UN human rights chief urges China to address issues in Tibet, Xinjiang and Hong Kong
- Volker Turk, new United Nations High Commissioner for Human Rights, says his office’s recommendations ‘require concrete follow-up’
- Speech comes a day after the release of a fresh UN review of human rights in China
The new United Nations human rights chief voiced “grave concerns” on Tuesday over conditions in Tibet, Xinjiang and Hong Kong, urging Beijing to take “concrete steps” to address its recommendations for the regions.
Volker Turk, delivering his Global Update speech in Geneva, said that the Office of the United Nations High Commissioner for Human Rights (OHCHR) has “opened up channels of communication with a range of actors” in China on issues including “the protection of minorities” in Tibet and Xinjiang.
He reiterated the issues the office documented under his predecessor Michelle Bachelet last year – “notably large-scale arbitrary detentions and ongoing family separations” – saying that the OHCHR “has made important recommendations that require concrete follow-up”.
“We also have concerns about the severe restriction of civic space more generally, including the arbitrary detention of human rights defenders and lawyers; and the impact of the national security law in Hong Kong,” said Turk, an Austrian diplomat who succeeded Bachelet in October.
In the final moments of her tenure, Bachelet released a long-awaited report on human rights conditions in Xinjiang, accusing Chinese authorities of committing serious violations, which “may constitute crimes against humanity”.
‘Illegal and invalid’: China says UN Xinjiang report shuts door to teamwork
Beijing – which had sought to block the report’s publication – denied all charges, accusing the office of being politically motivated, and vowing to stop cooperating with it.
Turk’s remarks came a day after an independent body of experts assembled by the UN stoked fresh concern about human rights in China.
After extensive talks with Chinese diplomats and officials, the Committee on Economic, Social and Cultural Rights (CESCR) published a review on Monday that flagged “reports of the discriminatory character of severe, systematic, vast and undue restrictions on a wide range of economic, social and cultural human rights”.
The committee raised concerns over the suppression of the linguistic and cultural rights of minorities in China, including “the targeting of predominantly Uygur, Kazakh, Kyrgyz, Hui, Turkic-speaking peoples”.
It also cited “reports of the large-scale campaign to eradicate Tibetan culture and language, as well as the general undermining of the linguistic identity of ethnic minorities by the assimilation policy of the state party, known as sinicisation”.
Concerning Hong Kong, it recommended that authorities there “immediately provide all due process guarantees of human rights defenders, civil society actors, journalists, human rights defenders, lawyers working on human rights and others working to defend economic, social and cultural rights, including access to independent and effective legal representation at every stage of the proceedings”.
The Hong Kong government quickly lodged a “strong objection”, saying the report trafficked in “distorted narratives”.
“The committee selectively believed, and made sweeping statements based on certain false information and distorted narratives regardless of the truth, and made one-sided and flawed comments on the human rights situation in Hong Kong in the so-called concluding observations,” the government said in a statement.
Activists welcomed the report.
“The CESCR has provided yet more evidence highlighting the gravity of the situation for Uygur and Turkic people.
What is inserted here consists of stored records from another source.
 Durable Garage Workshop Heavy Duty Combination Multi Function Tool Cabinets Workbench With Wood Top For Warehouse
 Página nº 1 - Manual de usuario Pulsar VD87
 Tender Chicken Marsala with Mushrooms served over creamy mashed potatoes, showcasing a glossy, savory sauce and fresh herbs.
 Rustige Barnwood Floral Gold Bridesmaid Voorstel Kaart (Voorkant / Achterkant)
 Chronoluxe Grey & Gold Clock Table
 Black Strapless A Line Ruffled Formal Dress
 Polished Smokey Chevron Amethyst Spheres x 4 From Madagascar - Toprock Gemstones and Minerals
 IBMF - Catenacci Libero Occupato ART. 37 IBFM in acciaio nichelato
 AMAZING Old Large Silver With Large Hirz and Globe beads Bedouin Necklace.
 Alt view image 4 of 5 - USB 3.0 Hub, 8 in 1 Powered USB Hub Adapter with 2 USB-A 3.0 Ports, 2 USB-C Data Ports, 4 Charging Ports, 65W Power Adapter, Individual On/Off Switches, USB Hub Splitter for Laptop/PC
This is the proof that China has failed to whitewash its genocidal policies at the UN,” said Dolkun Isa, president of the World Uygur Congress.
Last week, Chinese Foreign Minister Qin Gang addressed the human rights council by video link, questioning the universality of these rights and contending that each country should determine whether to recognise them.
China faces EU criticism over treatment of Uygurs as human rights talks resume
“The practices of lecturing and finger-pointing at other’s human rights while ignoring and competing to solve one’s own serious human rights problems should be rejected,” Qin said.
In his address on Tuesday, Turk also chastised parts of the West for their human rights conditions.
“People in the United Kingdom are currently experiencing a cost of living crisis that may result in the largest drop in living standards on record. Racial and ethnic minority groups are disproportionately affected,” he said.
In the United States, he said, “people of African descent are reportedly almost three times more likely to be killed by police than are ‘white’ people”.
He cited the “brutal death of Tyre Nichols in Memphis” earlier this year, a case which stood out “not just because of the severity of the violence caught on tape, but because it was followed by immediate action to prosecute the officers involved”.
Generally, he noted, “only a fraction of such cases lead to those responsible being brought to justice”.
Turk touched only briefly on the Russian invasion of Ukraine, focusing on the “civilian casualties and destruction of a shocking magnitude … and the war’s impact on fuel and food prices”.
He did not criticise Moscow for instigating the conflict, but said he would address the issue in more detail on March 31.